**DATA TO EXAMINE:**

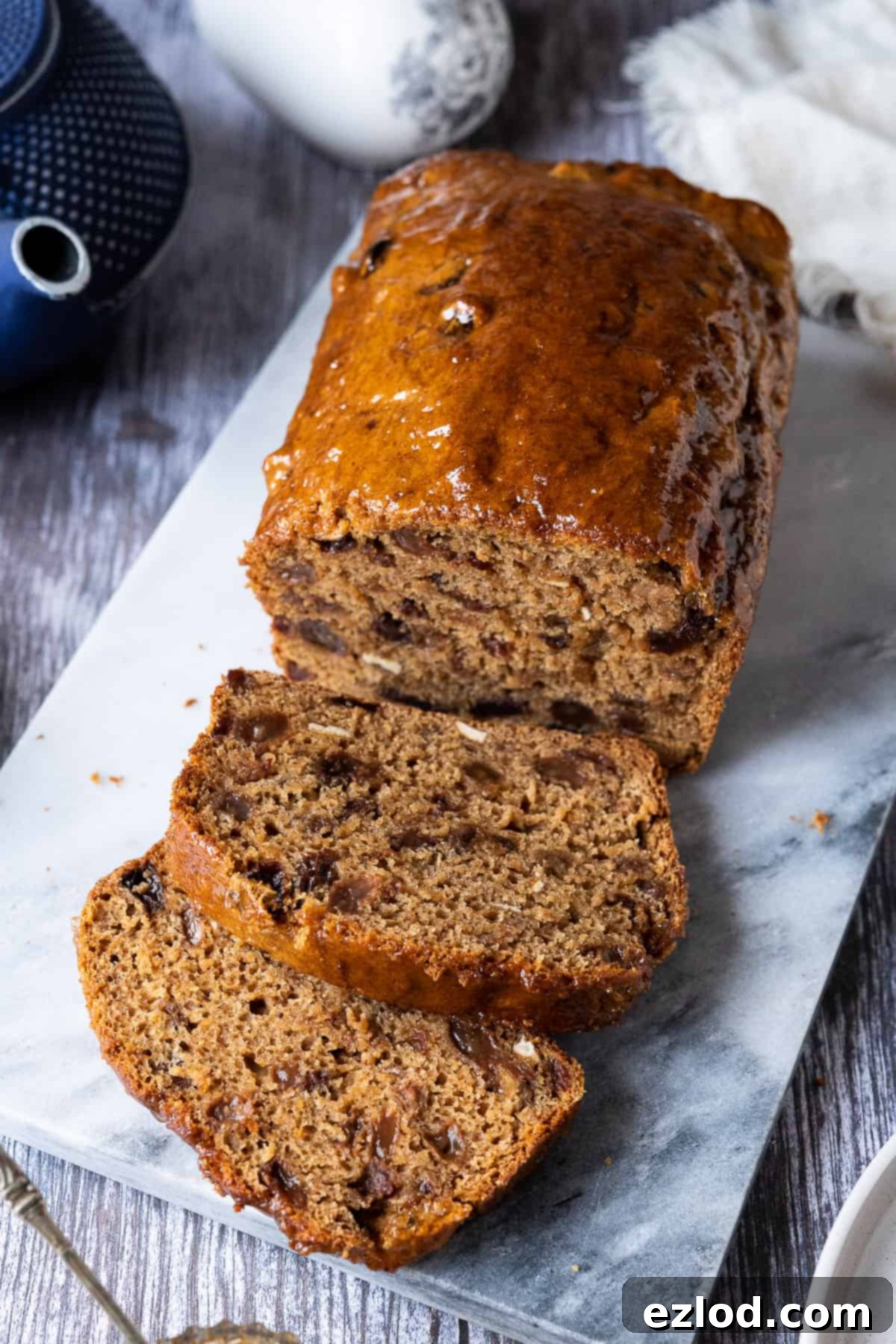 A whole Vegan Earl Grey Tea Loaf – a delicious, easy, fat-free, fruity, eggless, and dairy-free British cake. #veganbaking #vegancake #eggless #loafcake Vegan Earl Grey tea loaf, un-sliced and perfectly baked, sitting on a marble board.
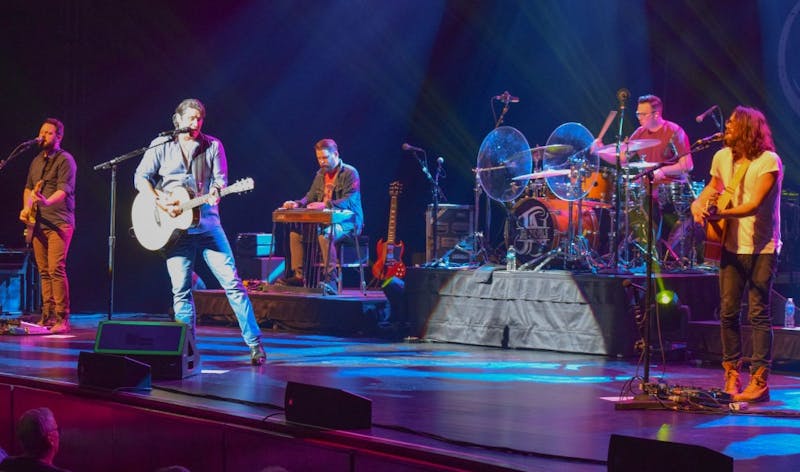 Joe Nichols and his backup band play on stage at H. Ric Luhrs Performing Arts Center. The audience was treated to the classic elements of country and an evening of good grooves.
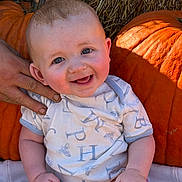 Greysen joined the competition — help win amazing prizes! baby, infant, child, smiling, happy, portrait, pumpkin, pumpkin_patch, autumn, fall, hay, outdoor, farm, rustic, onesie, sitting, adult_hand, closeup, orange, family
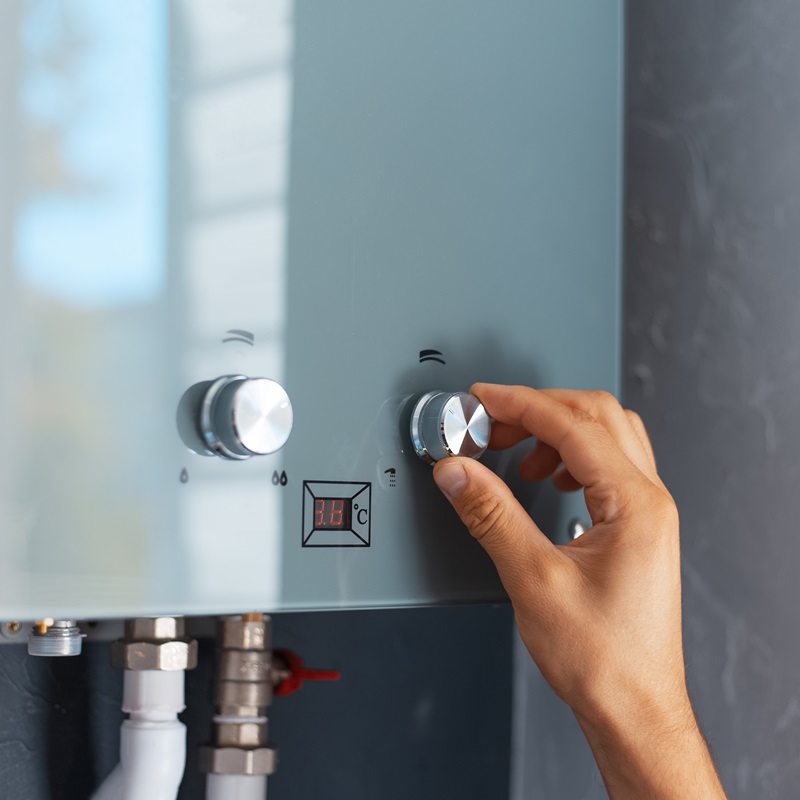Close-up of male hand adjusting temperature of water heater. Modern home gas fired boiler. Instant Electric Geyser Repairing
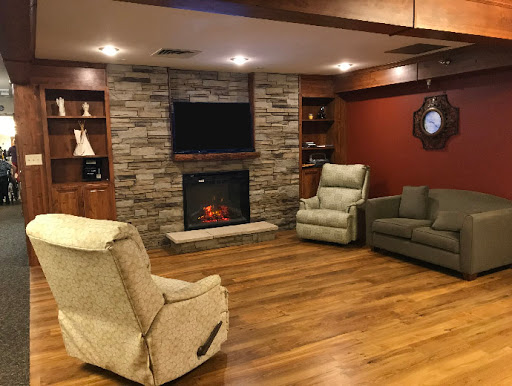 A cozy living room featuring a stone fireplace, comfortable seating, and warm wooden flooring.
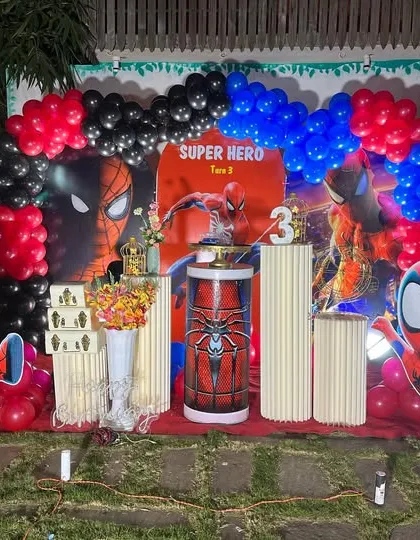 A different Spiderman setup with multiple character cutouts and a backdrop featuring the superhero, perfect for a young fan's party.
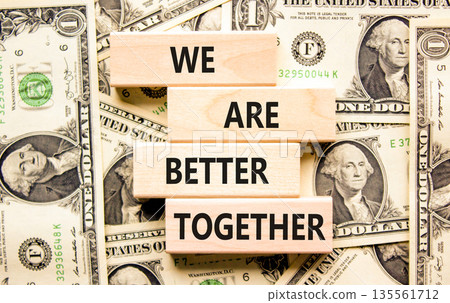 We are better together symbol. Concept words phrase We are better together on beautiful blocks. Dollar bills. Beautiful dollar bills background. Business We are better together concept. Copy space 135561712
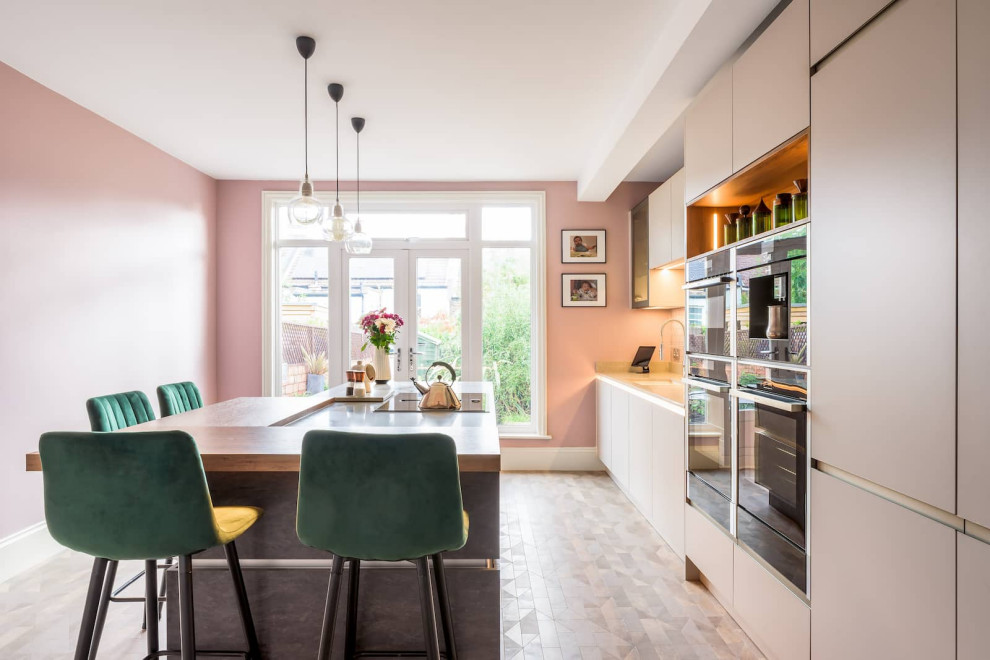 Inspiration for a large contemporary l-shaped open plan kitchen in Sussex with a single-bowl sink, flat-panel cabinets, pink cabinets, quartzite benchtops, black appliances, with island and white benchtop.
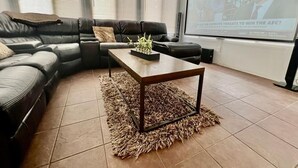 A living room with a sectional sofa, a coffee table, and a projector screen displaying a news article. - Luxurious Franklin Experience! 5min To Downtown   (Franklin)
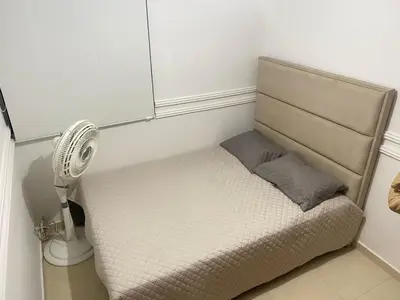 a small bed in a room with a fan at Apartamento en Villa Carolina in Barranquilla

**WORK INSTRUCTION:**
Every line from the one containing "We are better together symbol." to the final line of the records must be transcribed exactly, both ends included, with the pictures left out.

**EXPECTED OUTPUT:**
 We are better together symbol. Concept words phrase We are better together on beautiful blocks. Dollar bills. Beautiful dollar bills background. Business We are better together concept. Copy space 135561712
 Inspiration for a large contemporary l-shaped open plan kitchen in Sussex with a single-bowl sink, flat-panel cabinets, pink cabinets, quartzite benchtops, black appliances, with island and white benchtop.
 A living room with a sectional sofa, a coffee table, and a projector screen displaying a news article. - Luxurious Franklin Experience! 5min To Downtown   (Franklin)
 a small bed in a room with a fan at Apartamento en Villa Carolina in Barranquilla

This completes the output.